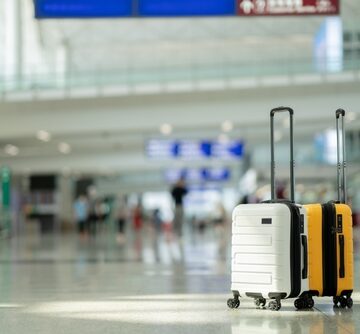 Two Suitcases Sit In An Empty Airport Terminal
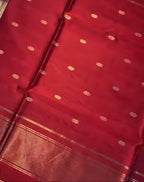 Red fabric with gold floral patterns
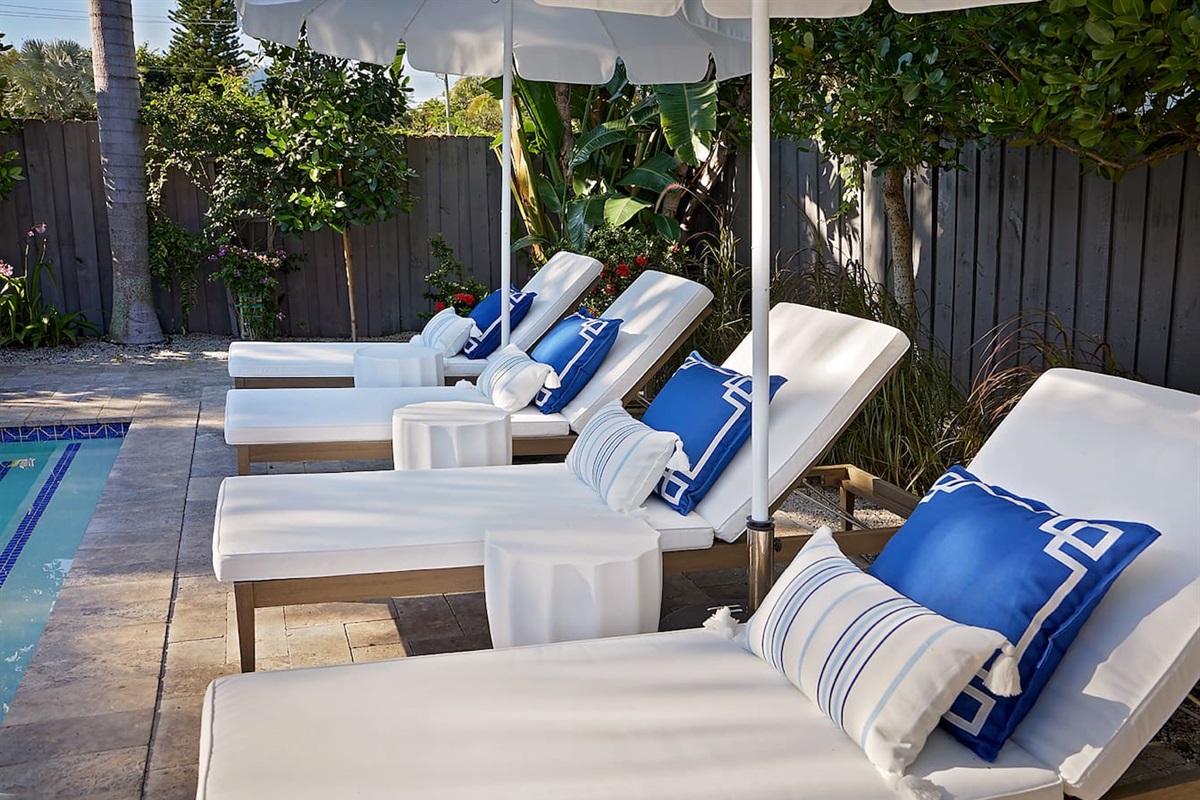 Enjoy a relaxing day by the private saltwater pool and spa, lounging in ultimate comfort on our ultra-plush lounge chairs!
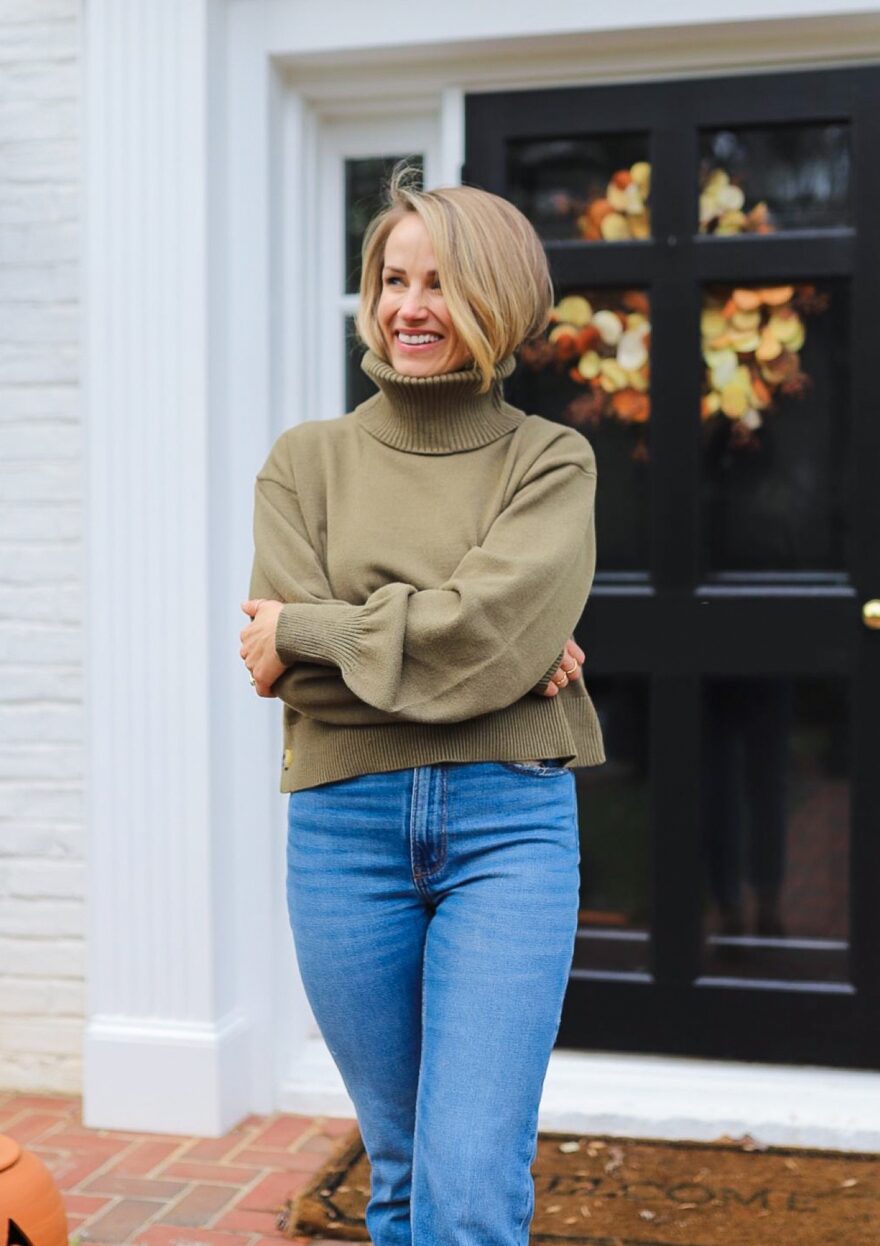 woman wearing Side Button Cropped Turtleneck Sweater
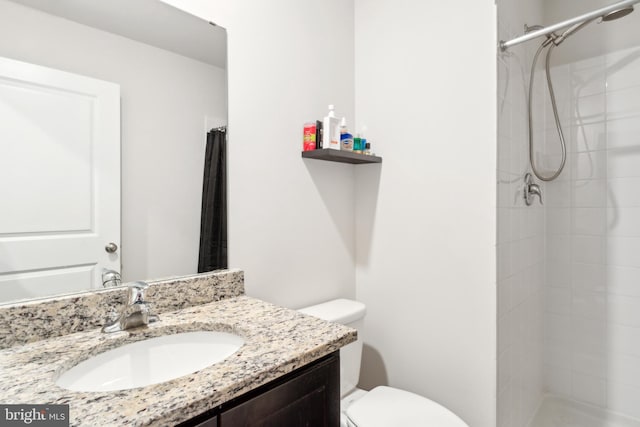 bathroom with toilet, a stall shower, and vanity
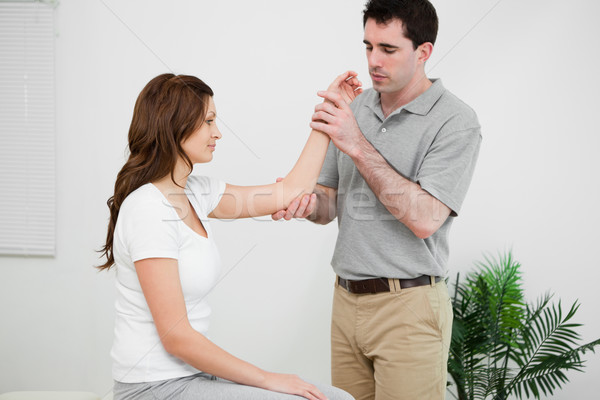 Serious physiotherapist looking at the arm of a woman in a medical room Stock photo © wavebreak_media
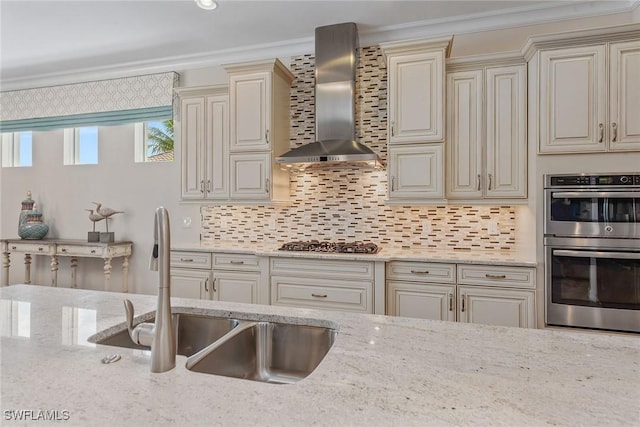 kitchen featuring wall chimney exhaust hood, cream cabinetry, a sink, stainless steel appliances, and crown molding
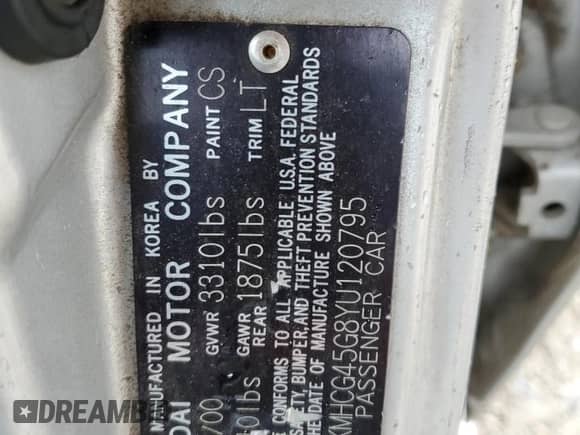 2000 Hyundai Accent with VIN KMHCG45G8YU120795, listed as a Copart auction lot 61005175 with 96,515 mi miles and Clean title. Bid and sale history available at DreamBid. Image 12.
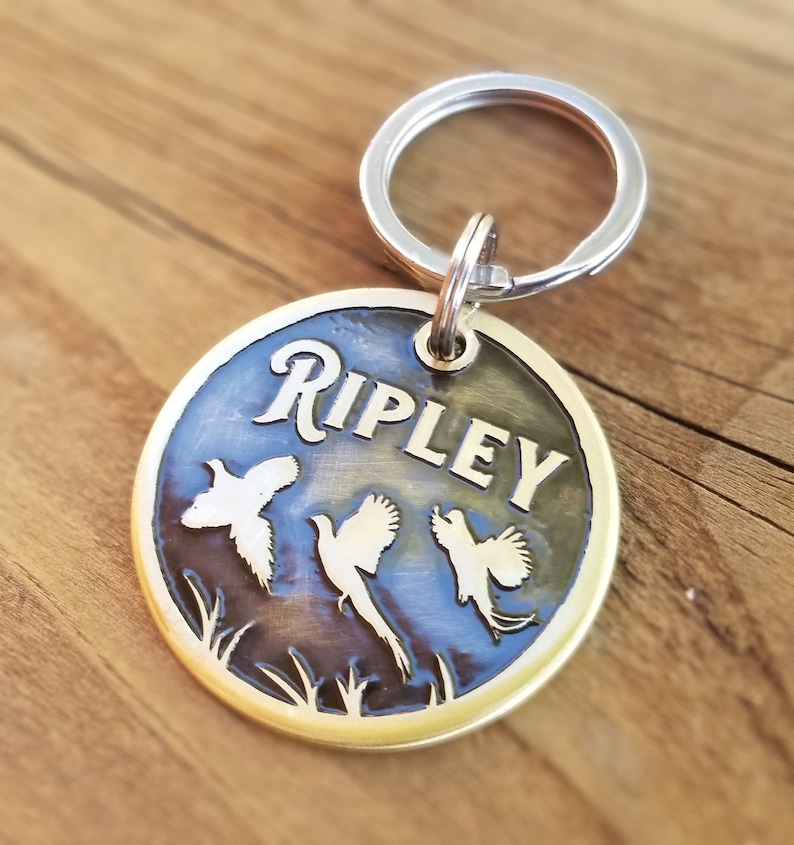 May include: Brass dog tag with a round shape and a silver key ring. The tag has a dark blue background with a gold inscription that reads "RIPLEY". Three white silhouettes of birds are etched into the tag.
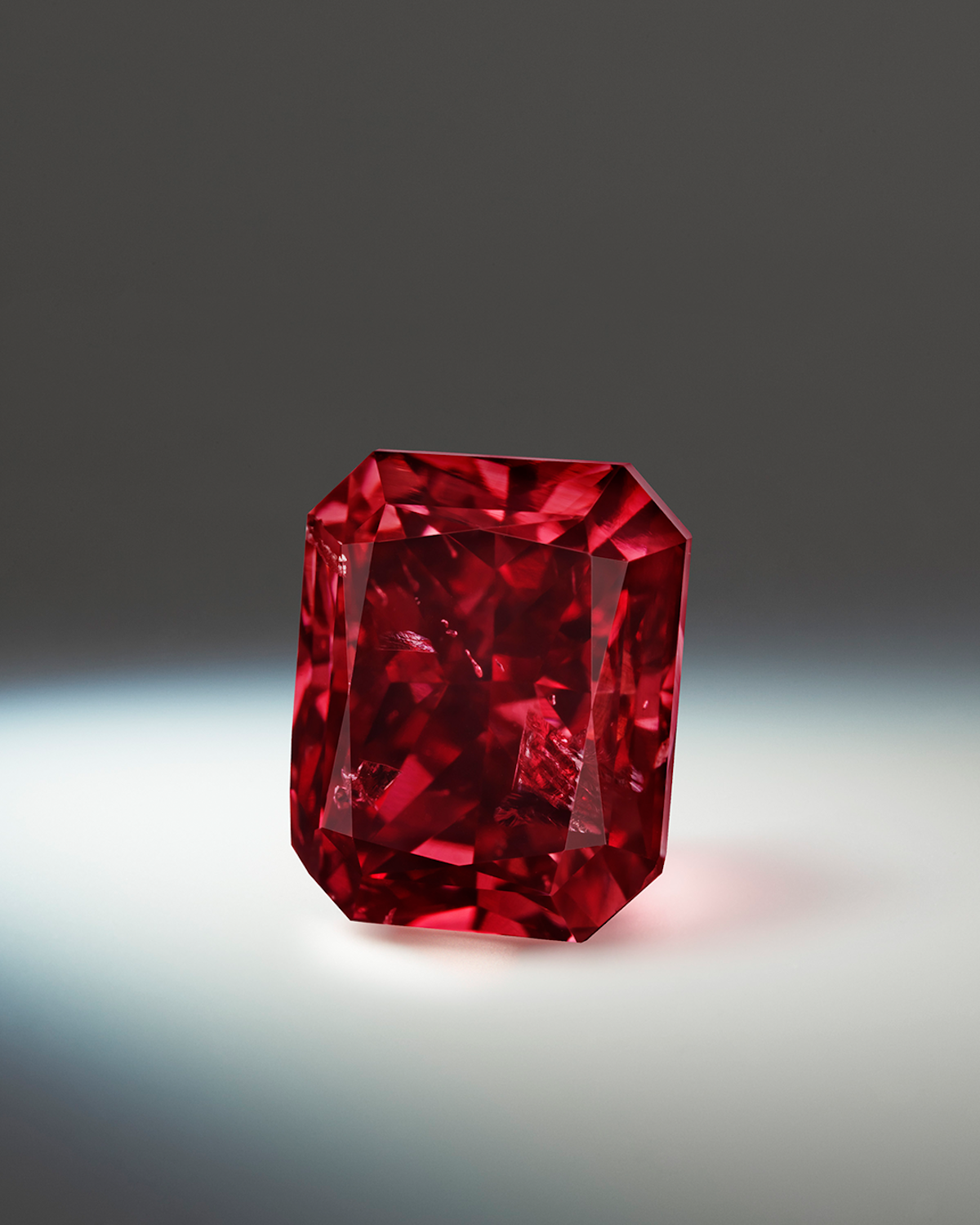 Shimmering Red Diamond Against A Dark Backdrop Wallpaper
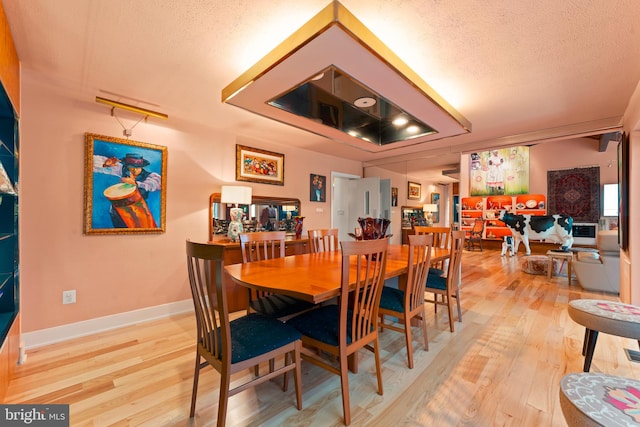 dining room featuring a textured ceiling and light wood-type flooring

TASK TO CARRY OUT » For this exercise, repeat word for word only the lines from the one containing "Shimmering Red Diamond" through the end of the data, including both. Pictures do not go in the copy.

RESPONSE BOX »
 Shimmering Red Diamond Against A Dark Backdrop Wallpaper
 dining room featuring a textured ceiling and light wood-type flooring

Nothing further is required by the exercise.